(Given information Opens)
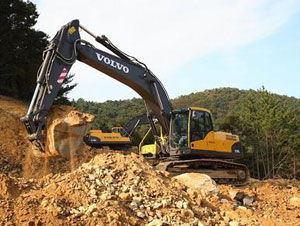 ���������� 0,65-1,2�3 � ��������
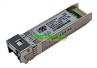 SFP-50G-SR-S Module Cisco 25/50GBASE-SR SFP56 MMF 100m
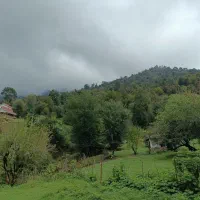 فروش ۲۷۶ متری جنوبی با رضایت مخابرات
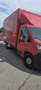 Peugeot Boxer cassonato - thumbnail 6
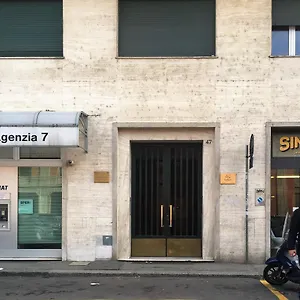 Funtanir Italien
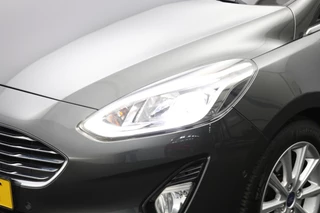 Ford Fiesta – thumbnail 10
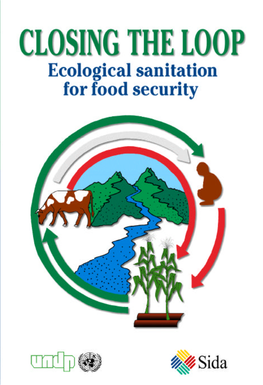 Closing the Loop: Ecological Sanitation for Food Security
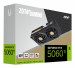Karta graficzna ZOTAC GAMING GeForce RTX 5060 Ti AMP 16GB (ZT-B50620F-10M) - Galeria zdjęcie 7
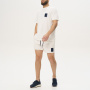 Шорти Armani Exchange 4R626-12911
(Given information Closes)
(Given information Opens)
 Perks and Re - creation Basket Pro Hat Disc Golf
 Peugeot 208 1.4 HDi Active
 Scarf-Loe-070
(Given information Closes)
(Given information Opens)
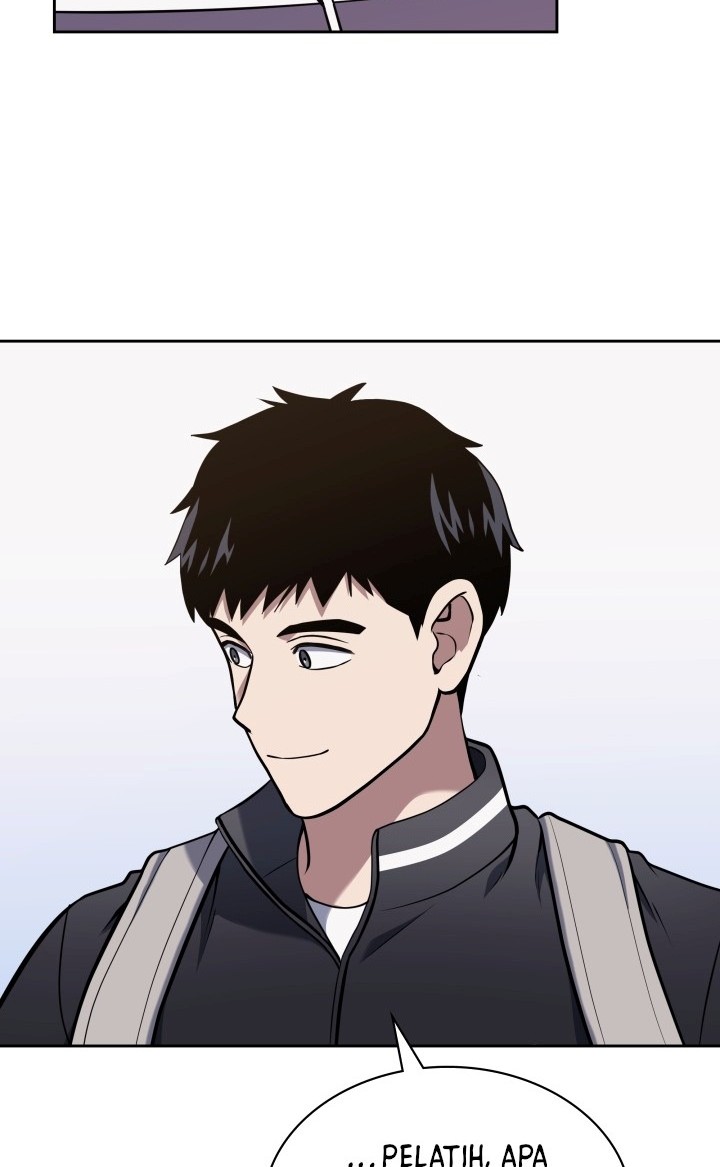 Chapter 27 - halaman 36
(Given information Closes)
** Problem details **
Look above for the line with "0,65-1,2�3 � ��������" and the line with "Шорти Armani Exchange 4R626-12911", then restate exactly those two lines and all lines between them, with no pictures.

** Response area **
 ���������� 0,65-1,2�3 � ��������
 SFP-50G-SR-S Module Cisco 25/50GBASE-SR SFP56 MMF 100m
 فروش ۲۷۶ متری جنوبی با رضایت مخابرات
 Peugeot Boxer cassonato - thumbnail 6
 Funtanir Italien
 Ford Fiesta – thumbnail 10
 Closing the Loop: Ecological Sanitation for Food Security
Karta graficzna ZOTAC GAMING GeForce RTX 5060 Ti AMP 16GB (ZT-B50620F-10M) - Galeria zdjęcie 7
 Шорти Armani Exchange 4R626-12911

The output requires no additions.